= What the exercise asks =
Starting at the line that contains "Ladies' short sleeve t-shirt (INT)", transcribe every remaining line of the data below exactly, and omit all pictures.

□ □ □

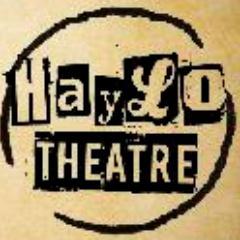 Haylo Theatre is a two woman theatre company who create bespoke performances and presentations to initiate conversations in the community.  https://t.co/Kibq3XZzNR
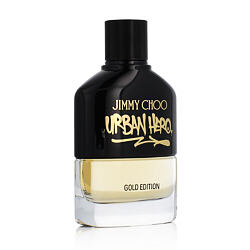 Jimmy Choo Urban Hero Gold Edition EDP 100 ml M
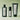 Longtake Shampoo+Treatment+Oil Set [3 Types] - CUTIPOP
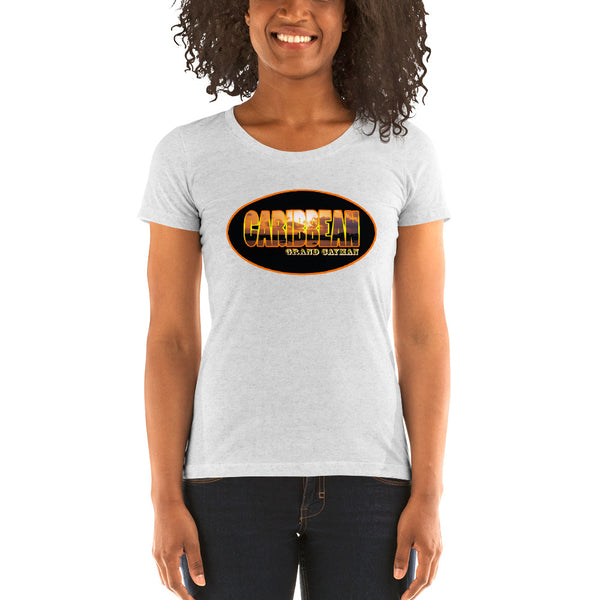 Ladies' short sleeve t-shirt (INT)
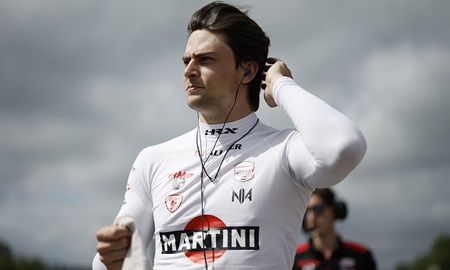 thumbnail for Allaer Returning to HMD for Nashville Season Finale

□ □ □

= Reply =
 Ladies' short sleeve t-shirt (INT)
 thumbnail for Allaer Returning to HMD for Nashville Season Finale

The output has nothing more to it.